__Exercise directions__
Could you retype the lines below, starting at the line holding "3d anime cat bitch" and stopping at the line holding "Audi A8 3.0", inclusive? Copy them exactly and drop the images.

__Data extracts__
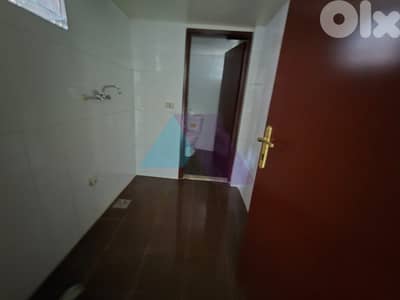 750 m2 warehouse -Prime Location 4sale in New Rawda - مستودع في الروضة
...
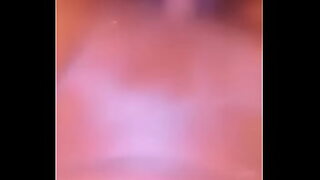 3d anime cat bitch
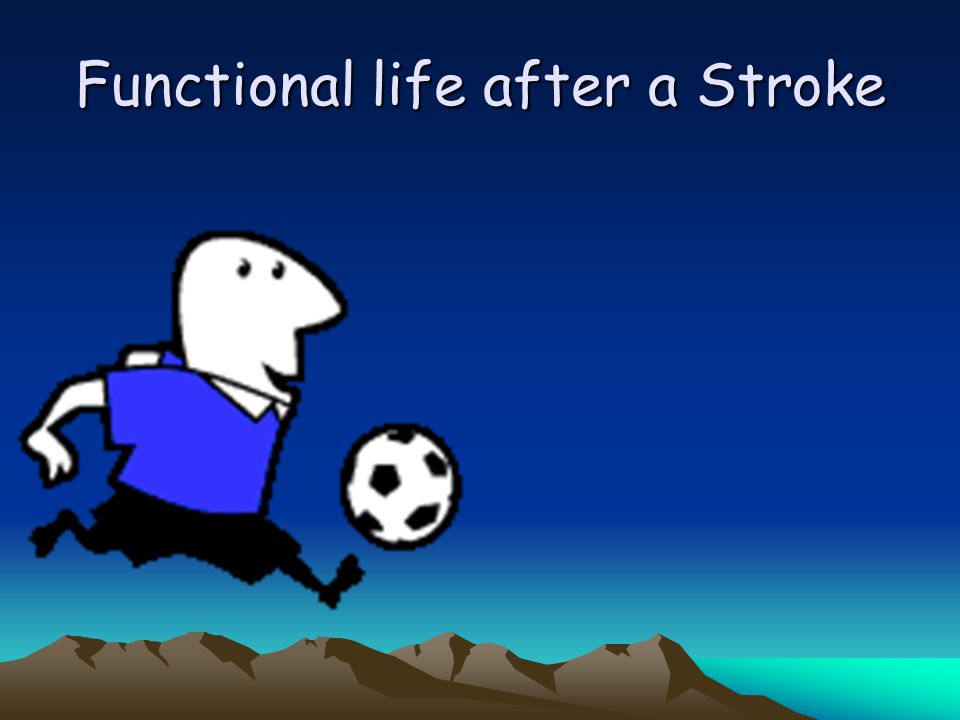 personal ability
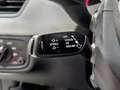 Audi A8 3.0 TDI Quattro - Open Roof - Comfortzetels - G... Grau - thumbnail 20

__Worked solution__
 3d anime cat bitch
 personal ability
 Audi A8 3.0 TDI Quattro - Open Roof - Comfortzetels - G... Grau - thumbnail 20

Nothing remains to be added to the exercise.